高校3年生のときに、とあるダンスグループに誘われて加入して、そのグループは6人ぐらいの女の子たちのグループだったんだけど、私が一番年下で17歳、上は25、6歳とか結構上のお姉さんたちが多くて、その活動中に私の知らない音楽をたくさん教えてくれたのね。そこでビョークを知ったんですよ。
その女の子たちのグループは、めちゃくちゃ面白い振り付けを考えるのが得意な子たちだったのね。でも、普通の楽曲だったら奇想天外な面白いダンスは浮かんでこなかったみたいで、あえて面白い曲を探していたんだって。そこでビョークに出会ったみたいで、それを私にも教えてくれたのね。
ビョークの歌を聴いて振り付けを考えていると、今まで見たこともないような振り付けが思い浮かんだりとか、独特なリズム感のおかげで、私たちも感じたことがないぐらい面白い振り付けが浮かんだの。その瞬間にビョークのことが好きだって気づきました。高校3年生のときですね。
そこからいろんな曲を聴いていくわけなんですけど、まずは私がビョークを知ったきっかけの曲を一緒に聴いていきたいと思います。ビョークで「Crystalline」。
◆前歯が凍るほどの寒さを体験!?
アイナ:今日は、私が大好きなビョークのお話と、アイスランドに行ってきたときの話をしていきたいと思います。アイスランドの首都レイキャビクに行ったのは2月でした。アイスランドは1月から2月が最も寒くて、平均気温は氷点下5度から2度程度らしいのですが、私が行ったときはちょうどマイナス4度ベースだった気がしますね。ただ、風がすごい街に行くと、海風やらで本当に自然の狂気を感じましたね。氷がそのままぶつかってくるような痛さ。だけど、そんな自然にも癒やされてきました。
私は、ビョークとかシガー・ロス、アウスゲイル、オーラヴル・アルナルズが大好きで、たまたまなんだけど全員アイスランド出身だったのね。「あれ?」と思って。普通に大好きで聴いていたんだけど「え、一緒なんだ! アイスランドか! アイスランドに行ってみたい!」ってなったわけですね。
そこからアイスランドに興味を持って「ちょっと遠いな、行けそうにないな」とか「人生で行けたらいいな」って思うぐらいだったんですけど、まさか行ける日が来るとは思ってもいませんでした。アイスランドに行きたかったもう一つの理由が、その寒さ。私は大阪生まれですし、雪をそんなに日常的に見ないで育ったので、肌に針を刺すような痛みのある寒風、経験したことのない寒さを一度味わってみたかったんですよね。
今回は、まず「グロッタ灯台」というところに行きました。バックで流れているビョークがMVで撮った場所なんだけど、この灯台は地図の端っこにあって、その周りには建物が何もないのね。だから海風がすごくて、口を開けているだけで歯が凍ってしまうぐらい。「寒さを経験してみたい」って言っていた私は「完全に舐めていたぞ」「これはやばい」と。こんなに狂気的な寒い風があるのかと。よく「まつ毛が凍る」なんて言うけど、私の場合は前歯が凍りそうでした(笑)。

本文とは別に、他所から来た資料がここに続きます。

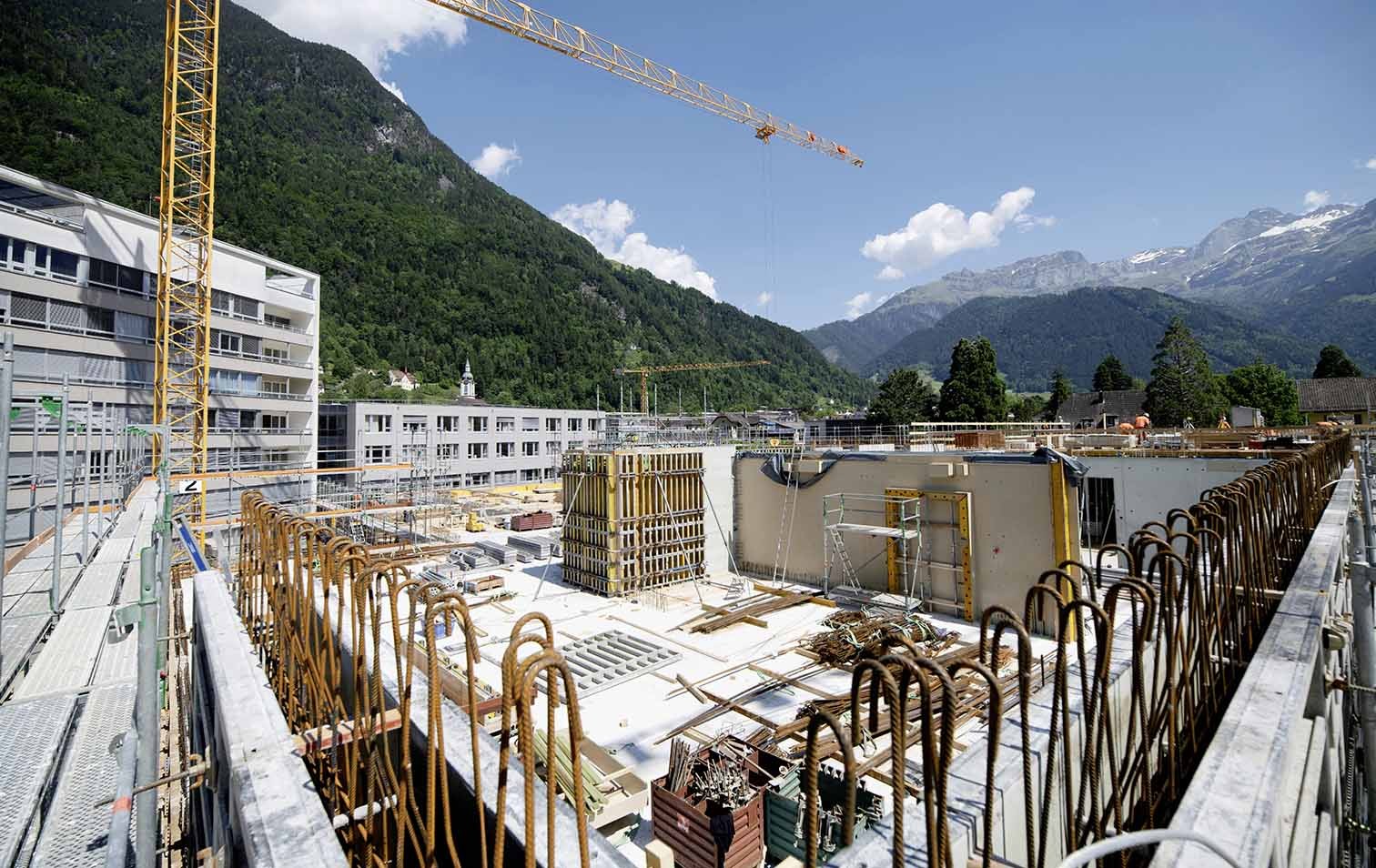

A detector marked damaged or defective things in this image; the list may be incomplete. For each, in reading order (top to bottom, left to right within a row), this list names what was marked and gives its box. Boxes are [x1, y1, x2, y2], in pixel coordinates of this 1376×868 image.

本当に寒かったんだけど、ここでビョークはMVを撮っていたので、実際に私もその場所に行けてめっちゃ嬉しかったです。ビョークは「Stonemilker」っていう楽曲のMVを撮ってるんやけど、そのときのビョークは薄手の服を着ていて、きっと夏とかに撮っていたんじゃないかな。でも夏でも風はすごいはずなので、映像越しでも「あそこは本当に風の街なんだろうな」と思いましたね。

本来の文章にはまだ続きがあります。